Sean Hannity and Rush Limbaugh and Tucker Carlson and Laura Ingraham would have endlessly eviscerated Clinton, regardless of the good she might have done or her efforts to reach out to the other side (which I'm confident she would have attempted). She would have tried to outlast the Republican echo chamber, but Republicans have a way of overwhelming with terse messages. The mid-terms might have been a Democratic disaster. Ryan would emerge not as the leaker and weasel he was, but as a bold, decisive leader of a recovering party, and a no-holds-barred candidate for the 2020 presidential nomination (which, you can bet, is still in the back of his mind).

Nancy Pelosi would have been regarded as a fading Democratic star, just riding out the credits until retirement (if indeed she wouldn't have retired by now). Her appearance in the headlines would be buried somewhere on page eight, maybe twice a year, even outside of San Francisco.

As it is, Pelosi holds the hole cards on the entire process. Careful as she is to respect and direct process, she has made sure to say that 45 hasn't been impeached, at least not yet. No one else leads this herd. No one else gets to speak for it. She does.
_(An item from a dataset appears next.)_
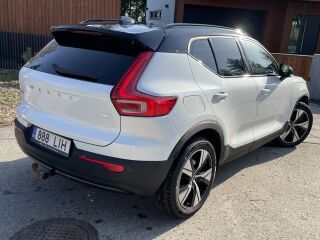 Volvo XC40 R-DESIGN INTELLI SAFE PRO GEARTRONIC RECHARGE 1.5 T5 Twin-Engine PLUG-IN-HYBRID 60 + 132kW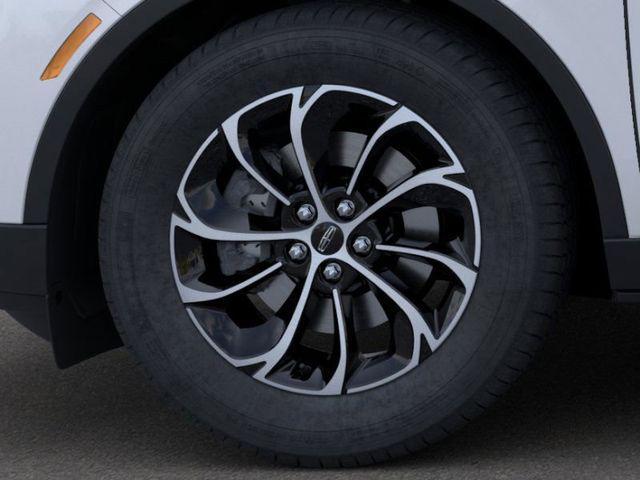 new 2025 Lincoln Nautilus car, priced at $52,266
She is overstepping nothing. She's not trying to be president. She's doing what 45 has kept telling her to do--take measures to take him out because of his improprieties, his illegal machinations, and his utter disdain for the very meaning of the Constitution. Amidst this rhetorical all-out battle, she has never hinted at a told-you-so attitude, as if she knew all along it would get this way--though she certainly could have. All we're getting is what a good Catholic mom would do toward a recalcitrant boy who's been upsetting the neighborhood: I pray for him.

Those prayers have, or have not (depending on your viewpoint) been answered. Either way, it's time to act. He's been cut too much slack anyhow. The neighborhood Block Watch has taken hold. Everybody knows what this boy's been up to now. He can't help himself. He still thinks he can do anything he wants.

The gang of which he claims to be the leader (in fact, you can easily make the case that he's holding it back) continues to be a thorn in the side of any progress. They emulate him in their brash talk, their disrespect for house rules, and their suppression of female expertise, except to be echoes. The wreckage continues so the question can't be avoided: Is this the kind of community we want?

The awful 45 hasn't really brought all this to a head: Pelosi has by calling him on his outrageous acts and alarming, intentionally unaddressed incompetence (remember the wagging finger). She and the Democrats could, if they wanted to, stand by and watch all this and wait for 2020, as if all by itself it would create enough of a scenario to keep him from a second term (which it still might). But the Constitution provides remedies to remove ongoing damage to it, and she's taking the enormous risk to sail that stormy strait.

For this, we may in fact be better off. The disturbing, ferocious polarization which has been building for at least two decades has led us to this moment. Now it can be called to a moment of confrontation and determination, where it becomes something of a surrogate for what actually ails us, so easy to exploit: the inability to find consensus. Tragic and terrible as Hillary Clinton's defeat was, her presidency would not have served to address it. As Speaker, Nancy Pelosi just might.

It may be one of those unintended consequences that provides a win-win. The odds aren't good, granted. And there will be casualties along the way that can't be immediately foreseen, either, because things will be said that everyone may regret. But some of this might be what we've needed.

The woman has met her time. Good for her. Better for us.

Be well. Be careful. I'll see you down the road.